The structure will be in the Georgian style, according to the announcement of Robeson Bailey '29, retiring president of the Advocate, and it will be in harmony with the general architecture of the University. A plaque of the Advocate Pegasus done by Frederick Allen, the well-known sculptor who did the five pediments of the New York Country Courthouse, was exhibited at the dinner. The new sanctum will be designed to accord with this reinterpretation of the Advocate symbol.
Fully Two Hundred Attend
One hundred and fifty former graduate editors and the entire undergraduate board were present at the dinner, which launched the drive for the new building. Hoffman Nickerson '11 acted as host at the Union Club, the occasion being the sixty-third anniversary of the founding of the Advocate.

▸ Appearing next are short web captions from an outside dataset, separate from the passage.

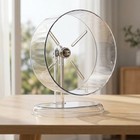 Silent Hamster Wheel 12 Inch  Double Axle Exercise Wheel For Hamsters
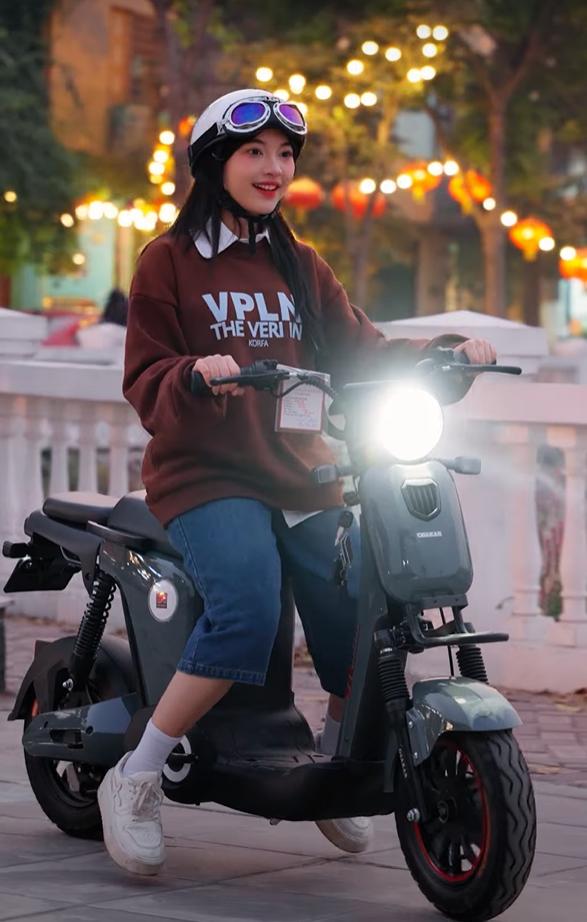 Review Xe Đạp Điện Osakar Mandi Hiện Đại Đẳng Cấp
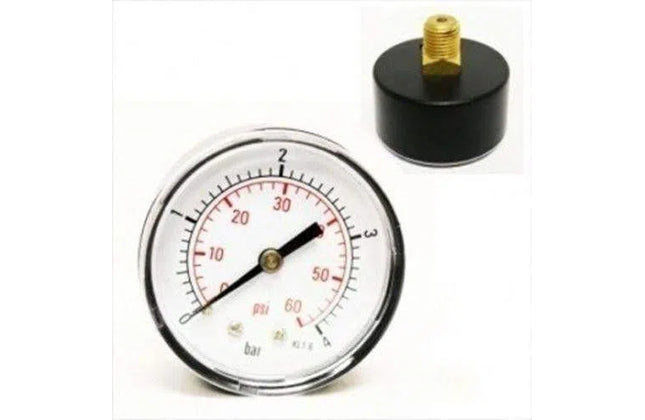 Pressure Gauge Air Filled for Pressure Pump-⌀50𝑚𝑚 x 1/4"M/6℔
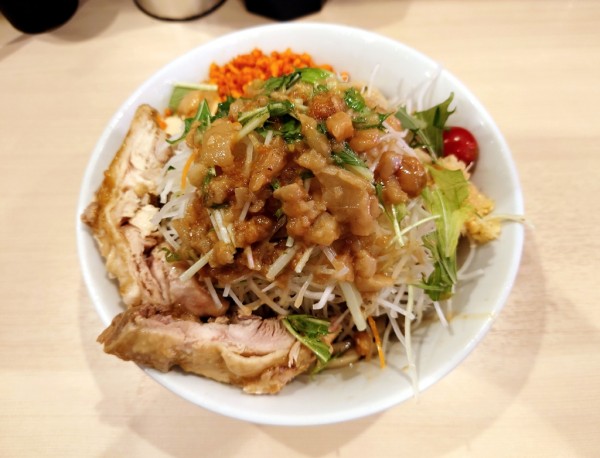 「限定 冷やし中華」@鷹の目 蒲田店の写真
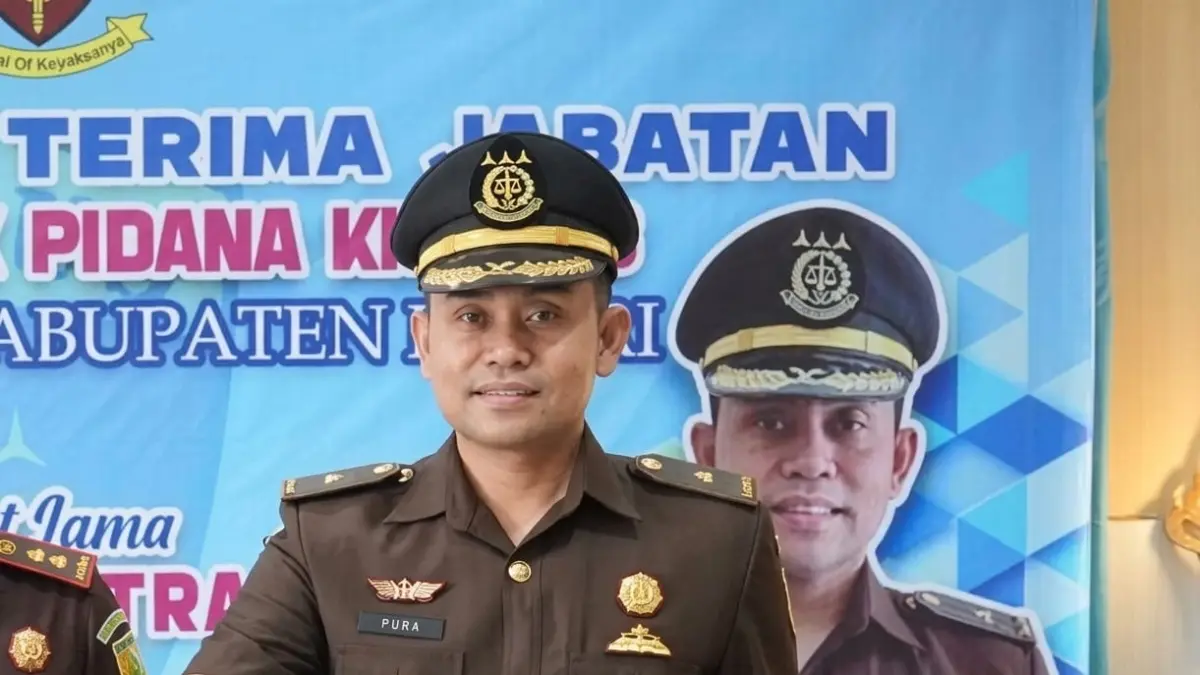 Pujo Rasmoyo resmi pindah tugas jadi Kasi Pidsus Kejari Kota Pasuruan pada 2 Arpil 2026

Richard Washburn Child '03, recent ambassador to Italy and a former president of the Advocate board, and Thomas Williams Slocum '90, presidents of the Harvard Club of New York City, were the principal speakers, together with Julian Street, noted author, and B.A. De Voto '18. Nickerson acted as toastmaster.
Slocum, the first speaker, spoke on how the proposed Advocate building would fit into the House Plan of the University. Child discussed the importance of a literary organization as a center of intellectual activity in the life of the University, and how this would inevitably redound to the benefit of the University at large.